Implementation Details
The implementation utilises the DataOps API via the python-gitlab library, which provides convenient Python bindings for interacting with DataOps resources. Key functionalities include:
- Authentication using private access tokens.
- Retrieving project and subgroup IDs based on specified criteria.
- Checking existing branches and protected branches within projects.
- Creating missing branches and setting up branch protection.
The scripts are designed to be versatile, allowing customisation of parameters such as subgroup patterns, default branch names, and access control levels.
Conclusion
In the realm of DataOps, where collaboration and version control are paramount, automating DataOps project management tasks can greatly enhance productivity and consistency.
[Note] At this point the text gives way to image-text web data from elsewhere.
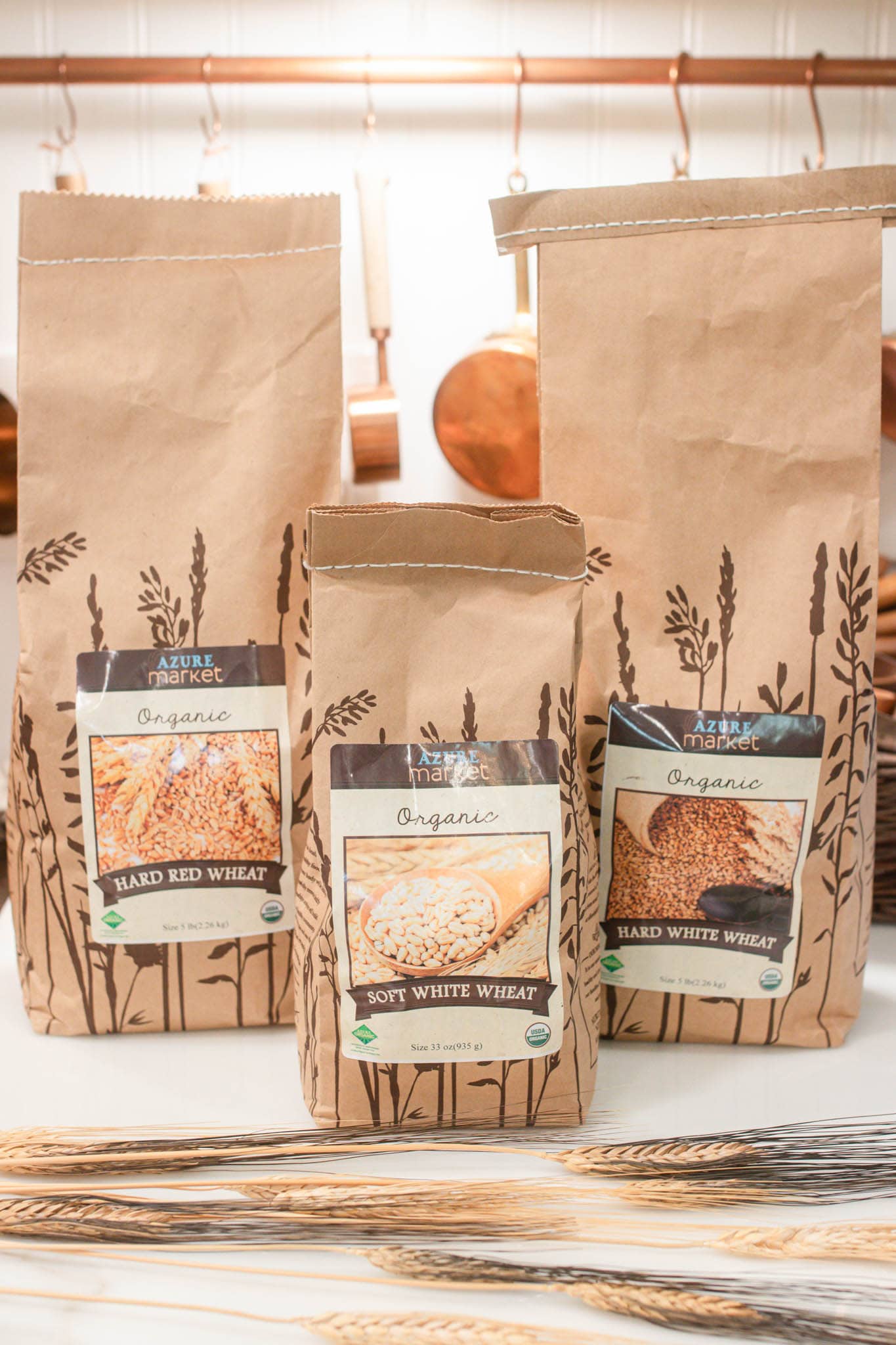 Bags of organic wheat berries labeled hard red wheat, soft white wheat, and hard white wheat standing on a kitchen counter with wheat stalks placed in front.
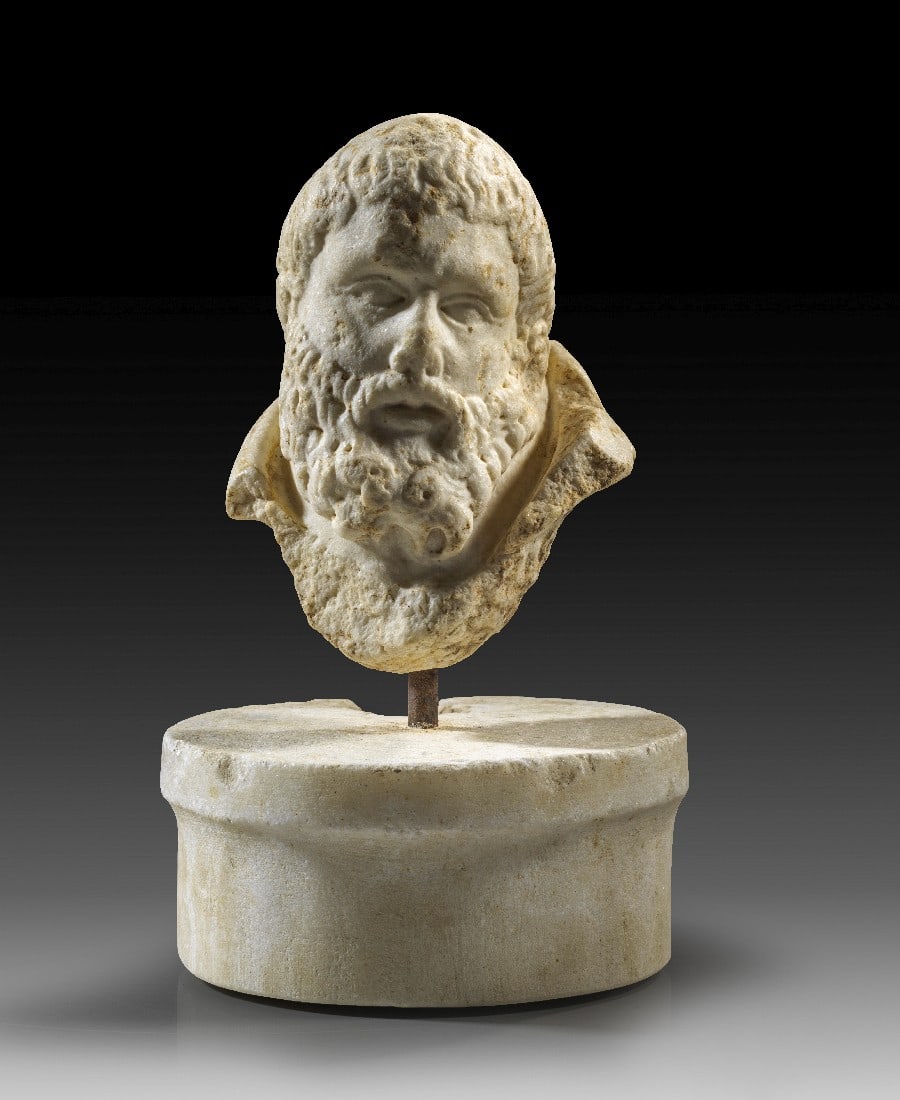 Büste des bärtigen Herakles.: Büste des bärtigen Herakles. Römische Kaiserzeit, 1. Jh. n. Chr. H ohne Basis 15cm. Weißer, feinkristalliner Marmor. Unterlebensgroße Einsatzbüste mit dem Kopf des bärtigen, älteren Herakles,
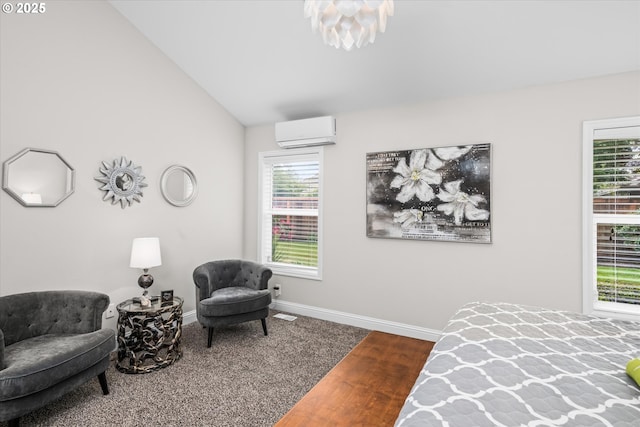 carpeted bedroom with an AC wall unit, baseboards, and lofted ceiling
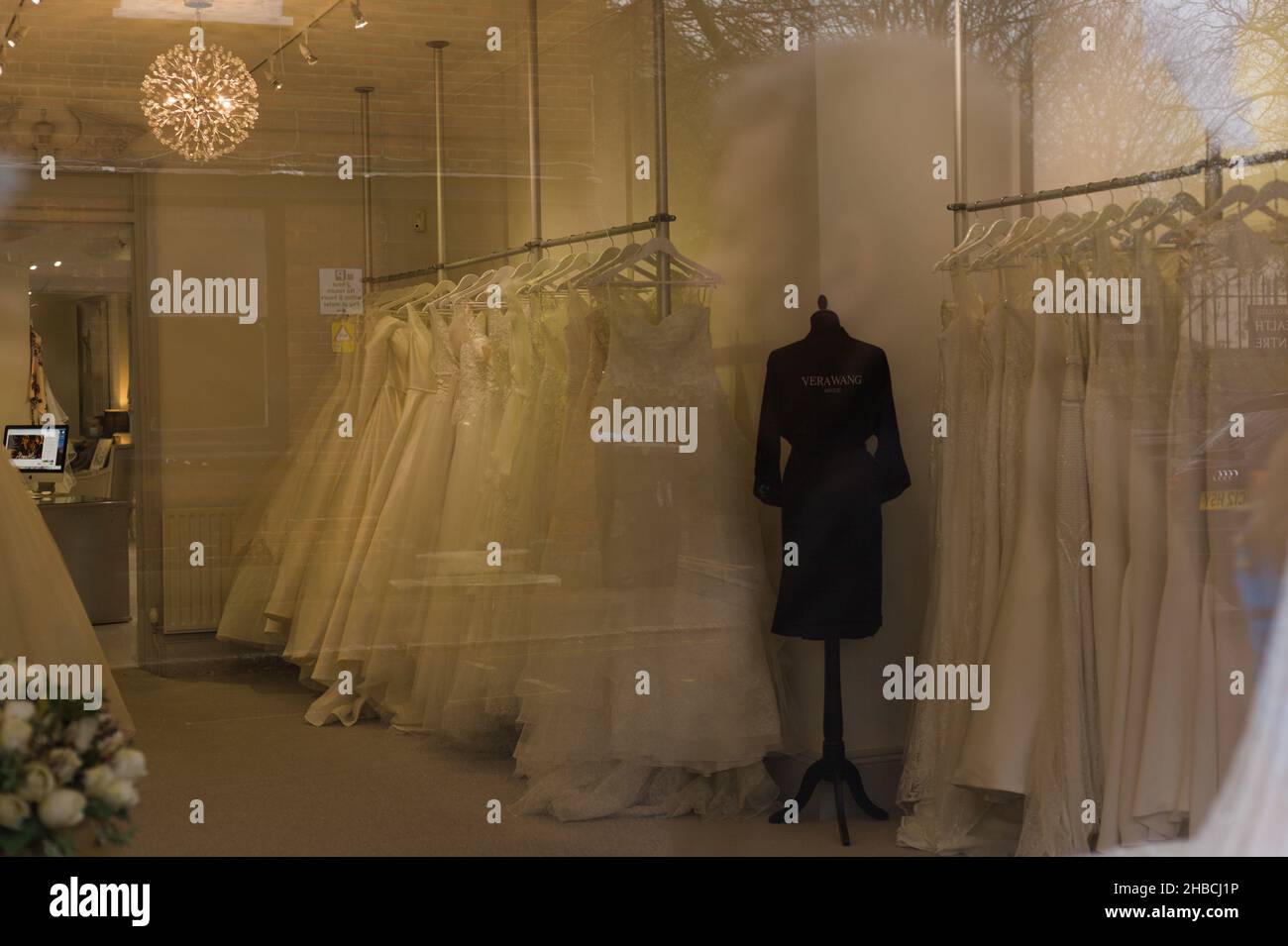 Regno Unito. Inverno 2021. Linee di vestiti di cerimonia nuziale che si aggettano su una rotaia attraverso una finestra del deposito britannico di cerimonia nuziale Foto Stock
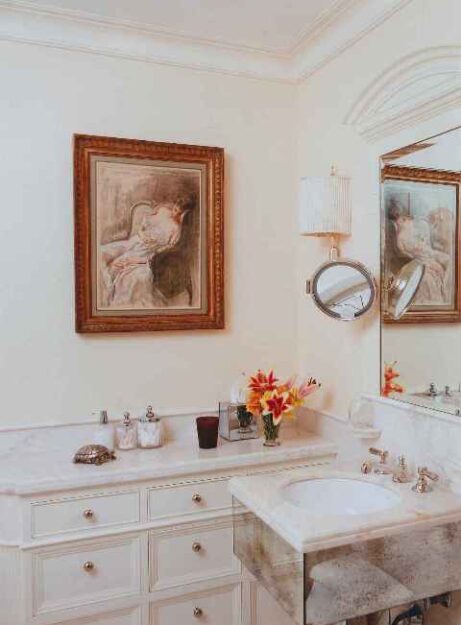 Neo-Classical powder room in Upper East Side townhouse with custom mirrored detailing and marble vanity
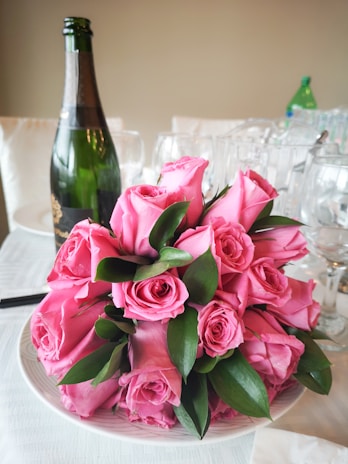 A bouquet of pink roses with lush green leaves is elegantly arranged on a white plate. In the background, a bottle of champagne and several wine glasses are visible, suggesting a celebratory or romantic setting.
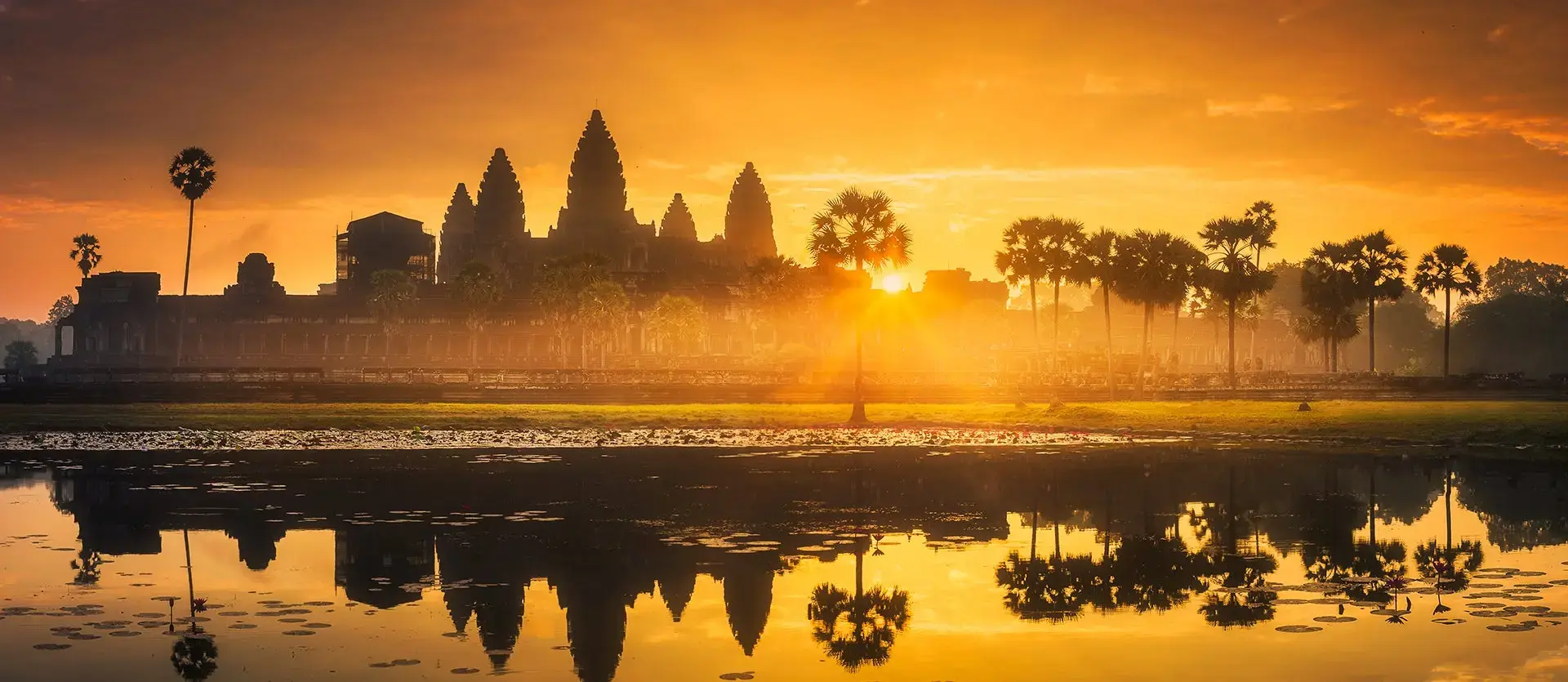 Silueta de Angkor Wat al amanecer reflejada en el estanque, bajo un cielo anaranjado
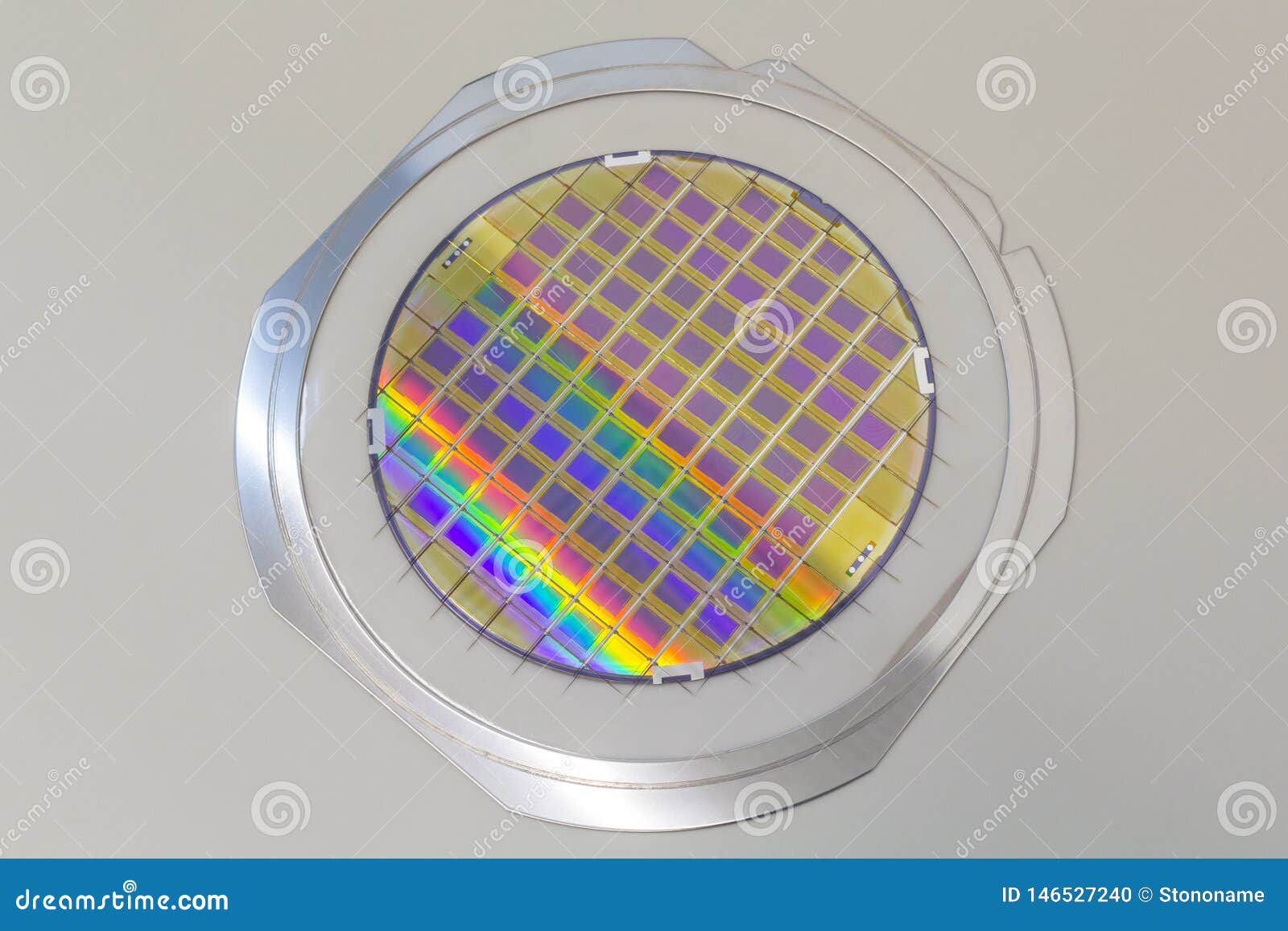 silicon wafer with microchips fixed in the holder with steel frame on the grey background and ready for process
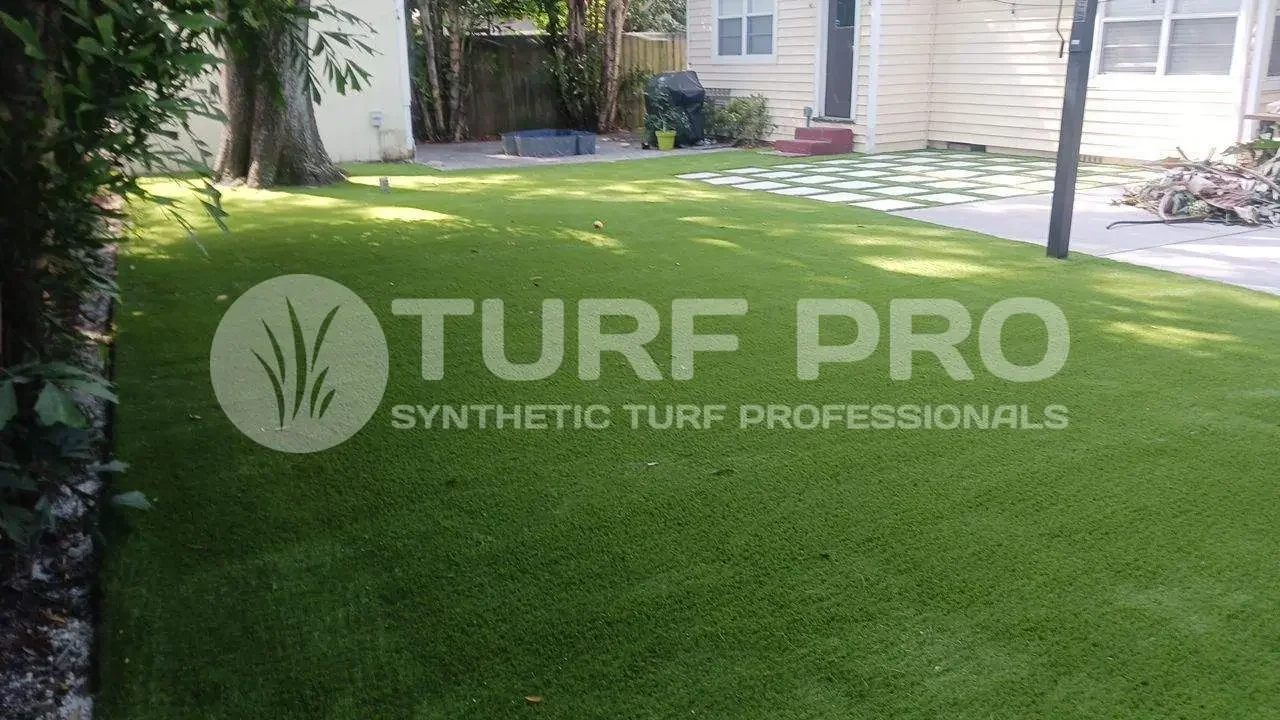Freshly installed synthetic turf with clear branding of Turf Pro.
By leveraging Python scripting and the DataOps API, teams can effortlessly enforce best practices, ensure branch security, and streamline administrative workflows across diverse projects and domains.
As organisations continue to embrace automation and DevOps practices, solutions like these empower teams to focus more on innovation and less on repetitive manual tasks, ultimately driving efficiency and agility in software development processes.